If you are familiar with XML, XPath, and XQuery technologies, and have read the help of web-harvest (, I believe the above script XML should not be hard to understand.
During the trial, I also found some problems with web-harvest. For example, he used tagsoup to clean HTML webpages.
, May cause some nonstandard webpage data loss (such as Google's search page), hope web-harvest developers can
After all, there are not many web pages that can strictly comply with the html4.0 specification, but more are existing before the emergence of XML.
. Currently, the XML technology is the most ideal for Web information extraction, and web-harvest has already set up
The alternative extraction model, how to solve the lossless XML Conversion for a large number of non-standard webpages, will be whether this tool can be used in practice
Key Link.
In addition, due to my limited level, I have not found any gibberish webpage while using web-harvest to extract Chinese webpages.
The purpose of this article is to attract more attention to the Web-harvest tool.

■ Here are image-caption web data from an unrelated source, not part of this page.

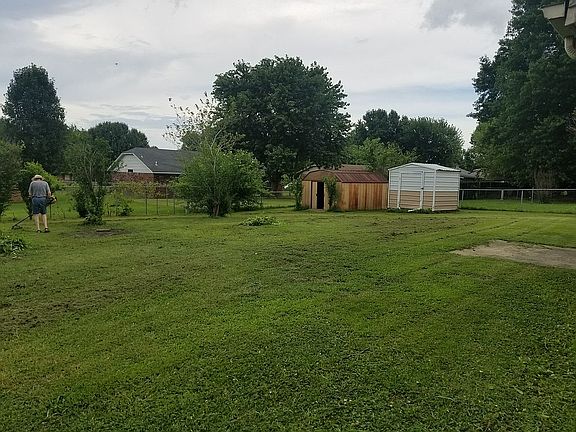Large fenced back yard 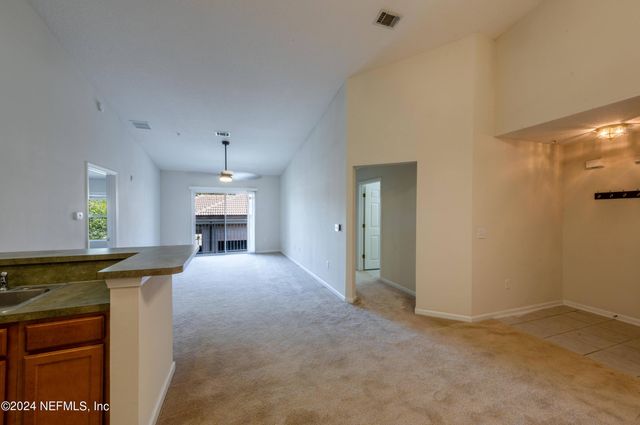 9505 ARMELLE Way 14, Jacksonville, FL 32257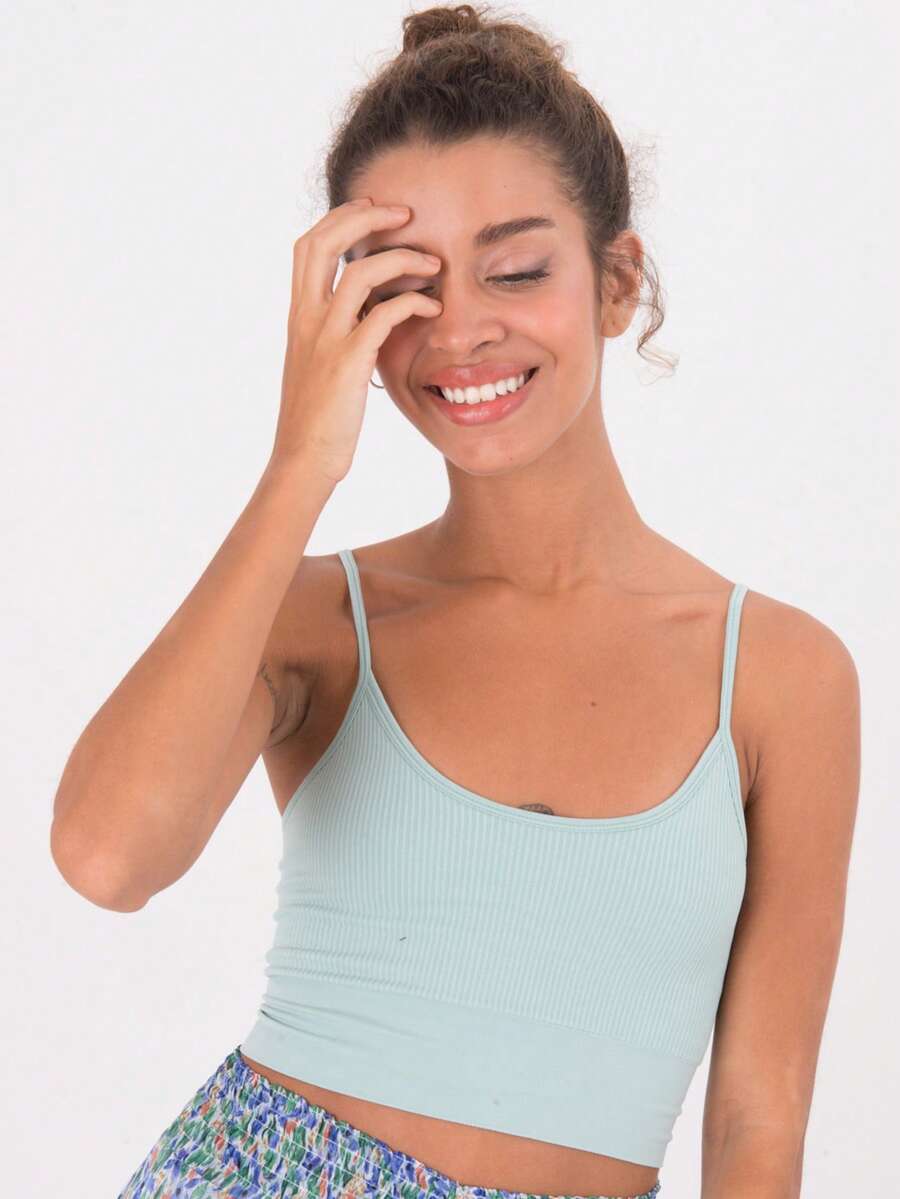 Áo Cami dệt kim gân cho nữ, áo croptop không tay, áo quây hai dây, áo cổ vuông, áo hở lưng, áo croptop ôm sát, áo co giãn mềm mại, áo tank top ngắn, áo mùa hè, áo thường ngày, áo cơ bản, áo mặc nhiều lớp, áo đi nghỉ mát, áo đi biển, áo mặc hàng ngày, áo ôm dáng, áo ôm sát cơ thể, áo camisole ngắn, áo nhẹ, áo thoáng khí, áo mềm mại, áo dệt kim gân, áo đơn giản, áo kiểu dáng gọn gàng, áo nữ tính, áo thoải mái, áo dễ phối đồ, áo mùa hè, áo mặc đi nghỉ dưỡng, áo mặc cuối tuần, áo mặc ở nhà, áo mặc hàng ngày, áo kiểu tối giản, áo ôm sát tôn dáng, áo dệt kim mịn, áo cơ bản hiện đại, áo đi chơi, áo mùa hè dễ thương, áo đa năng, áo thời trang nữ, áo màu trơn, áo ngắn, áo phong cách đường phố thường ngày, áo camisole dệt kim mềm mại, áo dễ mặc, áo mặc hàng ngày, áo thời trang đơn giản, áo kiểu dáng gọn gàng, áo mặc nhiều lớp mùa hè, áo đi biển, áo mặc đi nghỉ mát. - Màu xanh bạc hà - Xem 1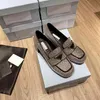 Met Box Prad driehoek logo chocolade kristal verfraaid satijn loafers casual schoenen dames korte laarzen zwarte schoen verhoging platform snea Ql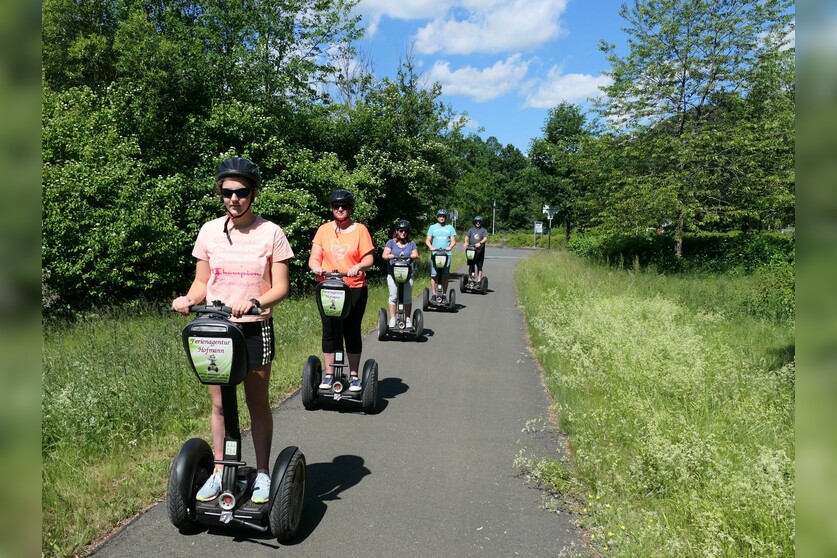 Segway Bergbahn-Weihnachtsbahnhof-Tour im Schwarzatal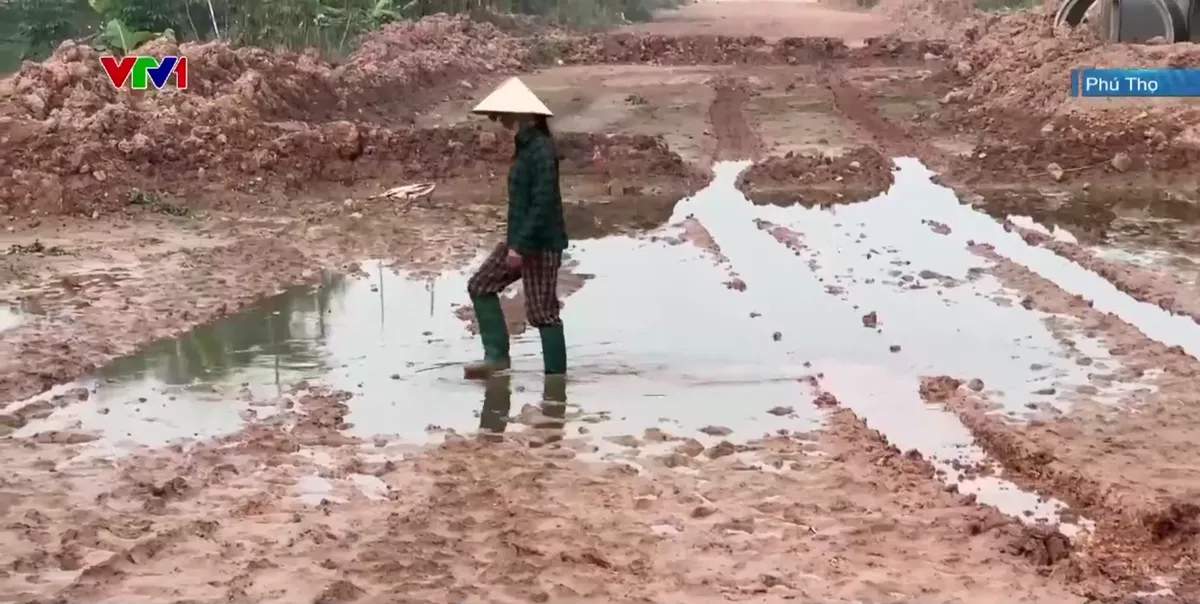 Đường thi công dở dang gây ảnh hưởng đời sống người dân ở Phú Thọ - Ảnh 6.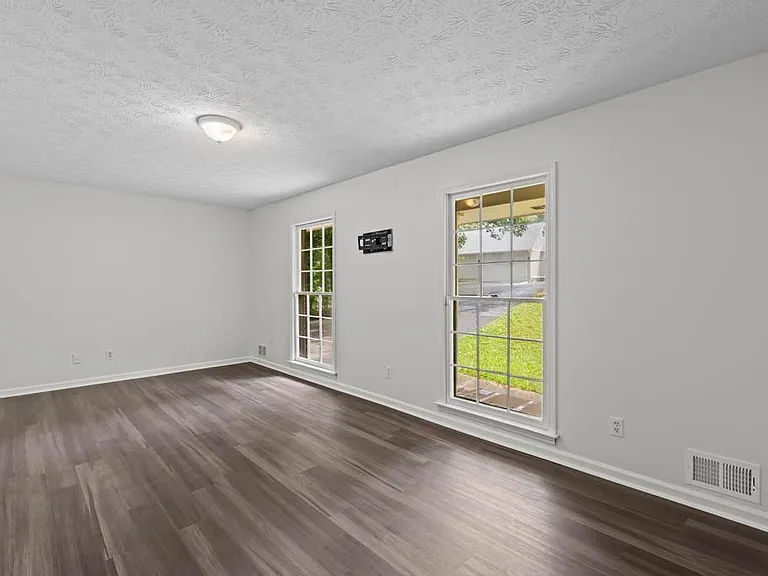 246 Barbara Ln SW — Photo 8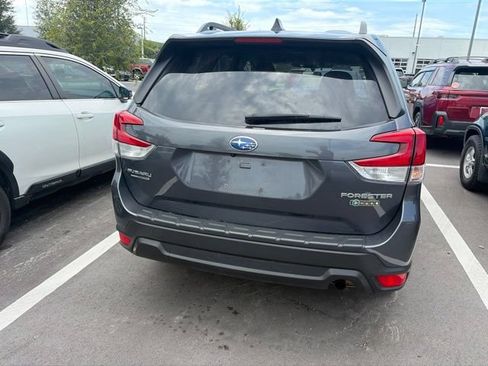 Used 2024 Subaru Forester Premium AWD/4WD image 4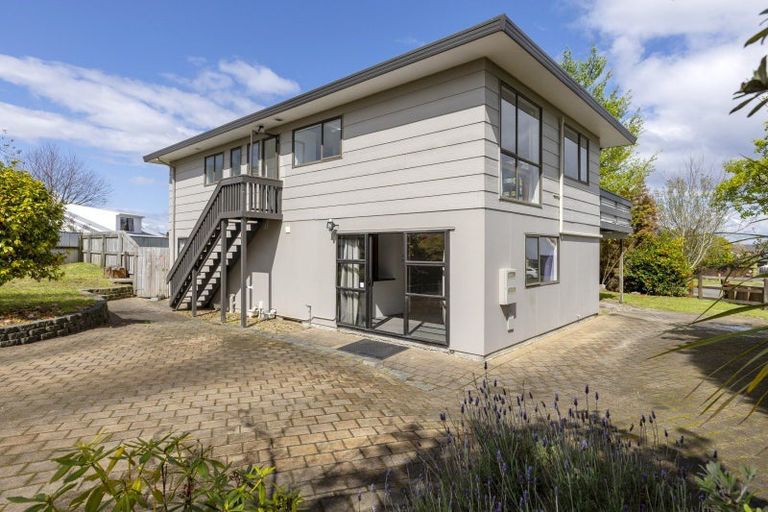Photo of property in 35 Grace Crescent, Richmond Heights, Taupo, 3330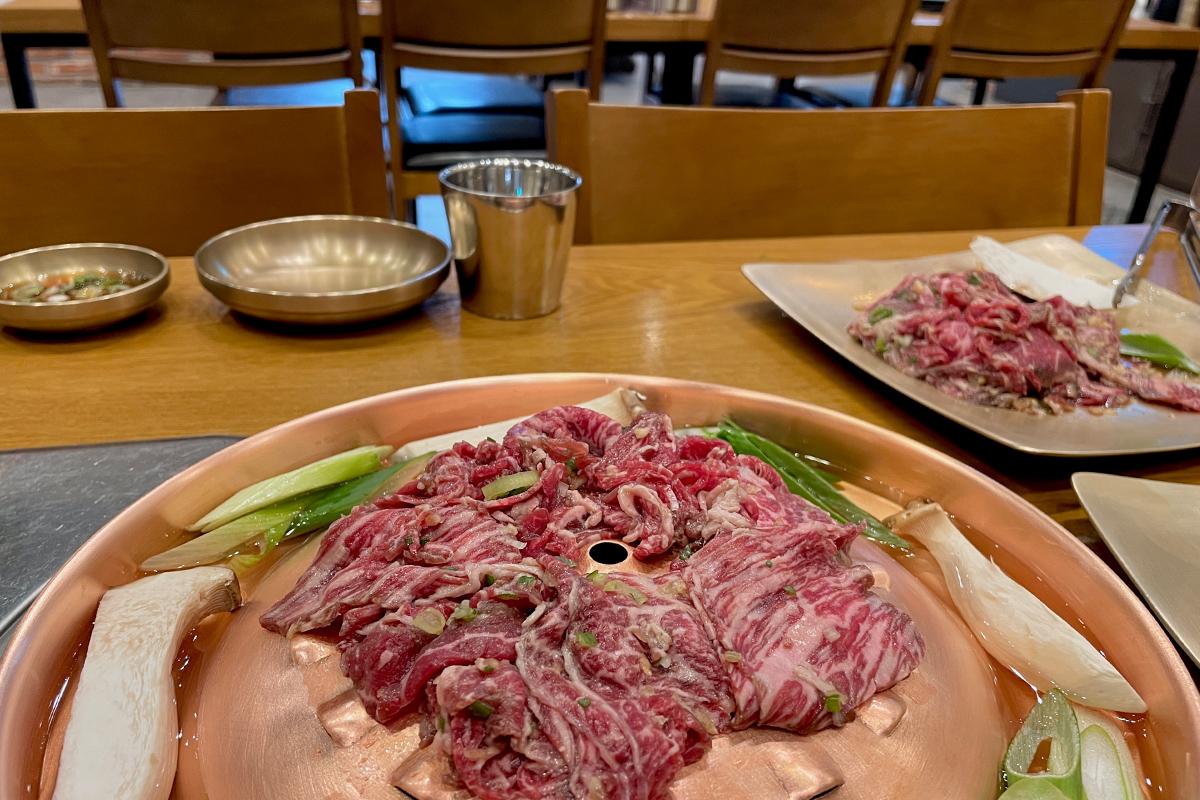 NEUNG RA DO 明洞 明洞グルメ ソウル 平壌 郷土料理 平壌冷麺専門店 冷麺 ピンデトク マンドゥ オボクジェンバン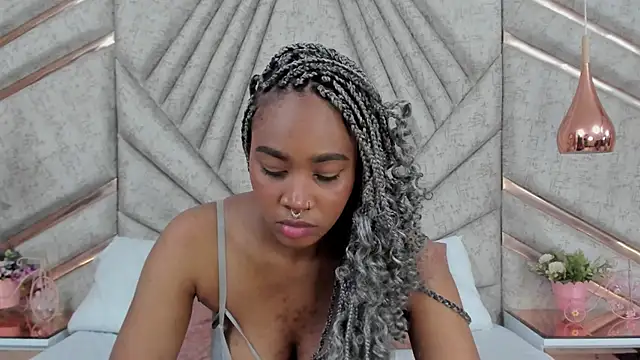 Snapshot of AgataRinaldi chatting on 02.27.25 AgataRinaldi online show from 02.27.25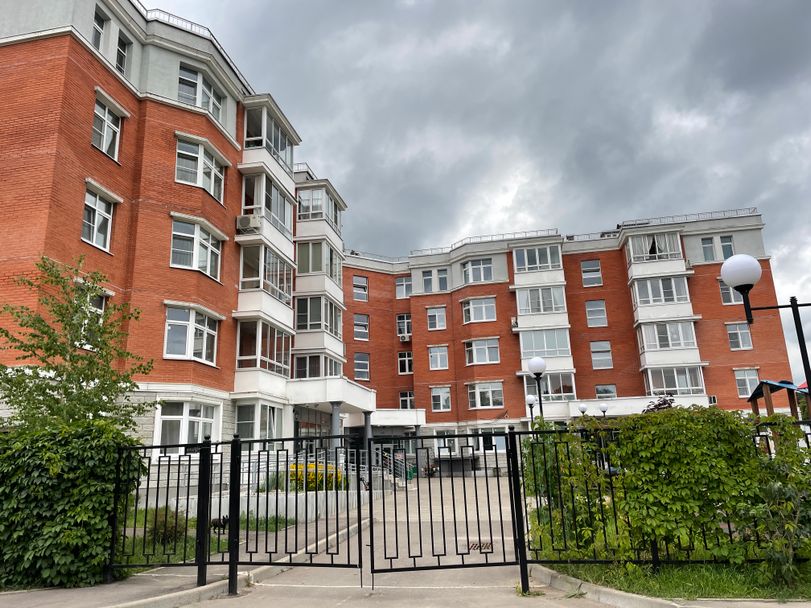 жилой комплекс на фоне хмурого неба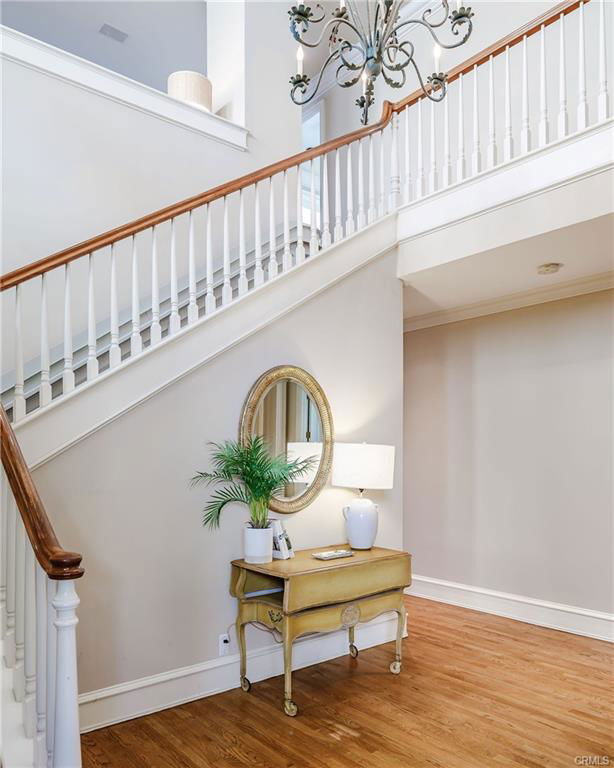 Building Photo - 922 Duncan Ave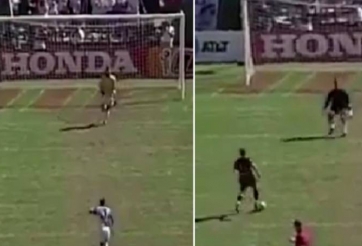 VIDEO: Sút penalty kiểu Mỹ thời 'tối cổ' 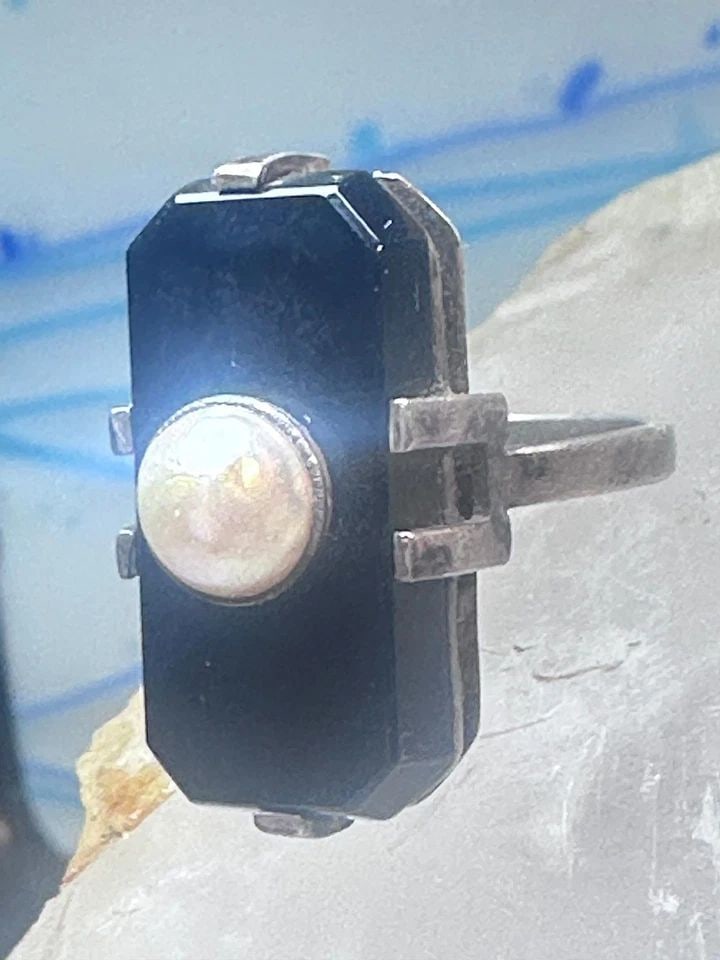 ART DECO RING ONYX PEARL MOURNING BAND PINKY SIZE 5.25 STERLING SILVER WOMEN: ART DECO RING ONYX PEARL MOURNING BAND PINKY SIZE 5.25 STERLING SILVER WOMEN Art Deco ring Onyx pearl mourning band pinky size 5.25 sterling silver women Size 5.25 Weight. 3.4g Length 3/4" Width 3/8" 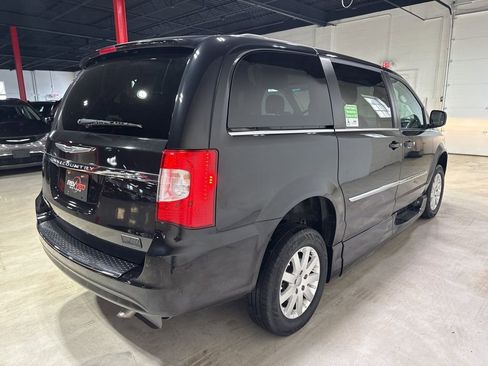 Used 2015 Chrysler Town & Country Touring FWD image 7
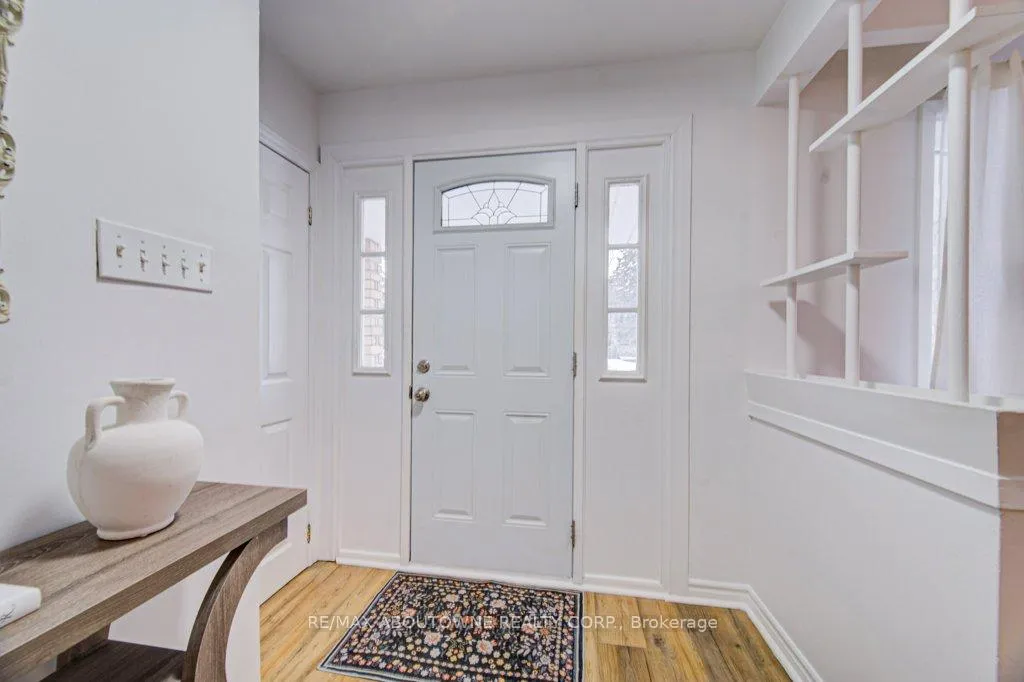 Photo 23 of 1239 Montclair Drive, Oakville, College Park — HOMEH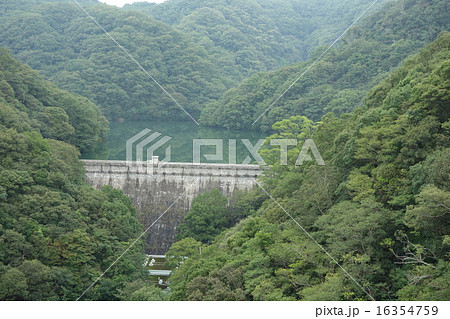 布引五本松ダム 16354759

Because web-harvest
There are still many advanced applications that I have not studied yet; there are still many areas for improvement. But it gives me at least one revelation, fully structured,
Dynamic Web page information extraction can be achieved and is not difficult.
XPath Tutorial:
XQuery Tutorial:

Contact Us

The content source of this page is from Internet, which doesn't represent Alibaba Cloud's opinion; products and services mentioned on that page don't have any relationship with Alibaba Cloud. If the content of the page makes you feel confusing, please write us an email, we will handle the problem within 5 days after receiving your email.

If you find any instances of plagiarism from the community, please send an email to: and provide relevant evidence. A staff member will contact you within 5 working days.

A Free Trial That Lets You Build Big!

Start building with 50+ products and up to 12 months usage for Elastic Compute Service

  • Sales Support

    1 on 1 presale consultation

  • After-Sales Support

    24/7 Technical Support 6 Free Tickets per Quarter Faster Response

  • Alibaba Cloud offers highly flexible support services tailored to meet your exact needs.